WHAT TO WORK ON
Below are entries. Give back exactly the lines from the one containing "Lifestance Aloe Vera" through the one containing "Babystar Vigilabebés con", inclusive, without the pictures.

RECORDS FOR THE EXERCISE
****

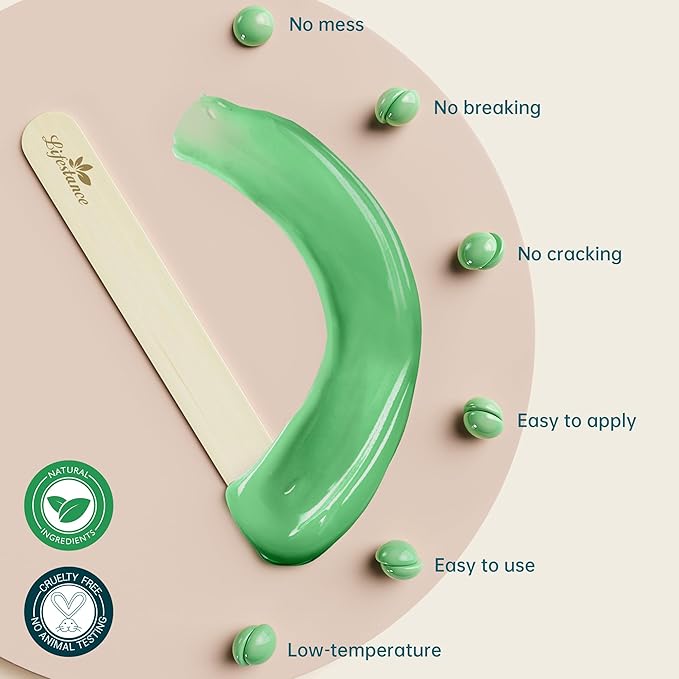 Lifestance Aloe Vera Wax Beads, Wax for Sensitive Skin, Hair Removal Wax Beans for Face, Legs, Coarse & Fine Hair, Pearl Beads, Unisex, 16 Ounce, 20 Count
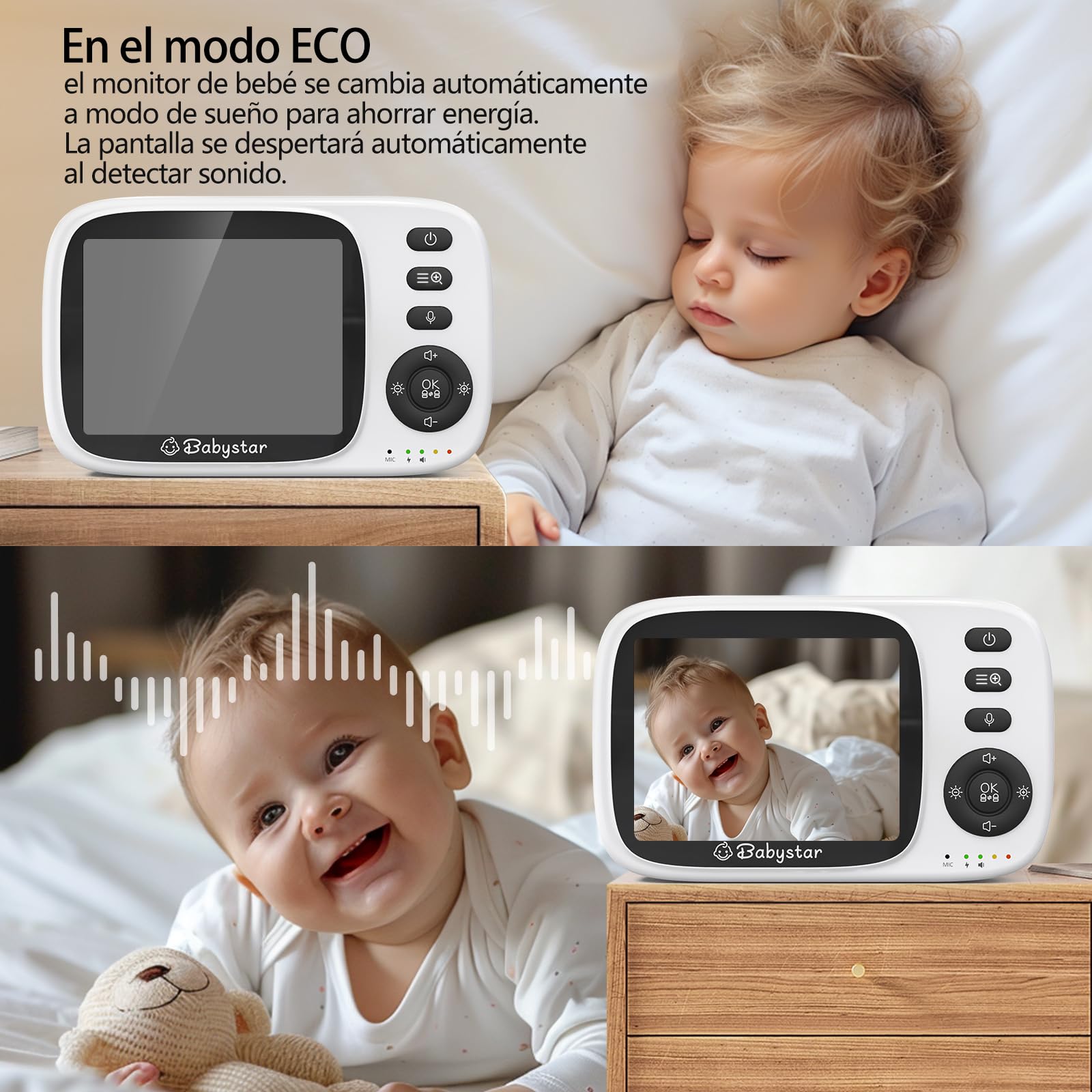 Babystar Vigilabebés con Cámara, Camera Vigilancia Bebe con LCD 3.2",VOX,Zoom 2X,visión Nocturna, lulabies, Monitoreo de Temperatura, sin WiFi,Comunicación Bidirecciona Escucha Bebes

****

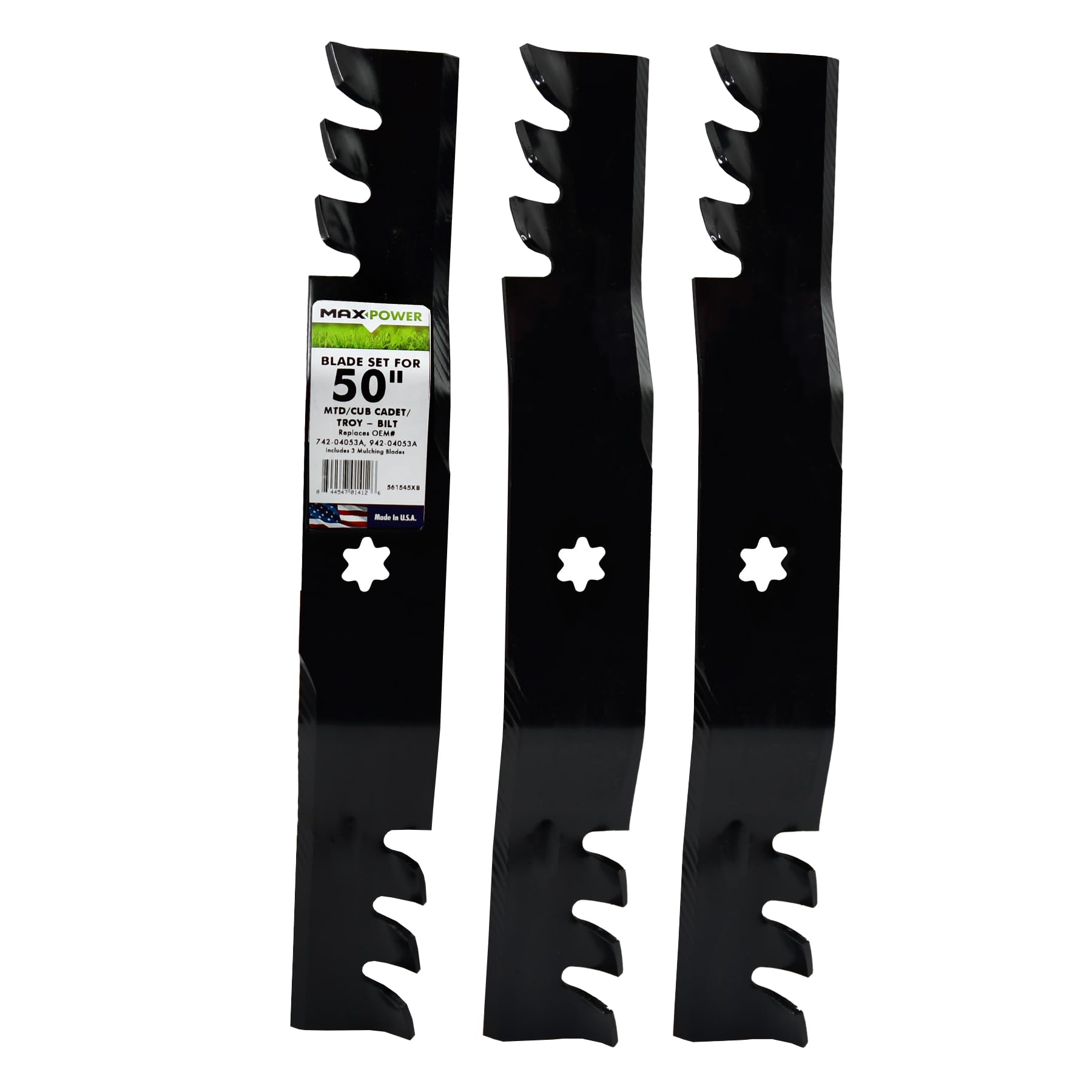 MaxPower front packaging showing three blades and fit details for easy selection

****

PROBLEM SOLUTION
 Lifestance Aloe Vera Wax Beads, Wax for Sensitive Skin, Hair Removal Wax Beans for Face, Legs, Coarse & Fine Hair, Pearl Beads, Unisex, 16 Ounce, 20 Count
 Babystar Vigilabebés con Cámara, Camera Vigilancia Bebe con LCD 3.2",VOX,Zoom 2X,visión Nocturna, lulabies, Monitoreo de Temperatura, sin WiFi,Comunicación Bidirecciona Escucha Bebes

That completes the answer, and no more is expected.